Dear Peter, Dear David, Dear All, I was going to reply, but was too busy with non-mathematical things at the moment (a big move). The following are the papers relevant to David's question, beginning with the one that Peter mentions: M. C. Bunge, Classifying toposes and fundamental localic groupoids,in: Category Theory 1991, CMS Conference Procedings 13, American Mathematical Society (1992), 75-96. M. C. Bunge, Universal Covering Localic Toposes,Comptes Rendues Societe Royale du Canada 24 (1992), 245-250. M. C. Bunge and I.Moerdijk,On the construction of the Grothendieck fundamental group of a topos by paths,J. Pure and Applied Algebra 116 (1997), 99-113. Comments will have to wait, I'm afraid.
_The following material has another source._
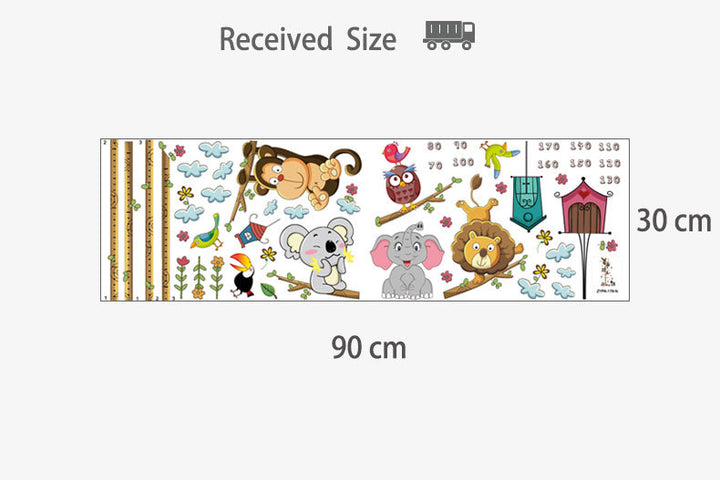 Animal Tree Height Kids Wall Sticker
Cordial regards, Marta ************************************************ Marta Bunge Professor Emerita Dept of Mathematics and Statistics McGill UniversityBurnside Hall, Office 1005 805 Sherbrooke St. West Montreal, QC, Canada H3A 2K6 Office: (514) 398-3810/3800 Home: (514) 935-3618 marta.bunge@mcgill.ca http://www.math.mcgill.ca/~bunge/ ************************************************
From: P.T.Johnstone@dpmms.cam.ac.uk To: droberts@maths.adelaide.edu.au; categories@mta.ca Subject: categories: Re: fundamental localic groupoid? Date: Sun, 2 May 2010 10:49:59 +0100
I'm surprised that no-one has yet replied to David's original question by citing the work of Marta Bunge; she has a paper called (I think) "Classifying toposes and fundamental localic groupoids" dating from the early 1990s. (Being away from home at present, I don't have the exact reference to hand; I was hoping Marta would provide it.)
Peter Johnstone
On Apr 28 2010, David Roberts wrote:
Hi all,
it is (or should be) well known that the fundamental groupoid of a locally connected, semilocally 1-connected space X can be given a topology such that it is a topological groupoid (composition continuous etc). Without these assumptions on X there are counterexamples to the continuity of composition (c.f. misguided attempts to build a topological fundamental group). I was wondering, though, if there is a localic fundamental groupoid of an arbitrary space. One could presumably pass the the topos Sh(X) and then consider the fundamental groupoid of that, but I was wondering if there was a way to pass directly from the description of the arrows of Pi_1(X) as a set of classes of paths to a locale of classes of paths, and thence to a localic groupoid. My only 'evidence' that this might be the case is that the product in Loc is different to the product in Top, and so this may provide a work around the non-continuity of composition.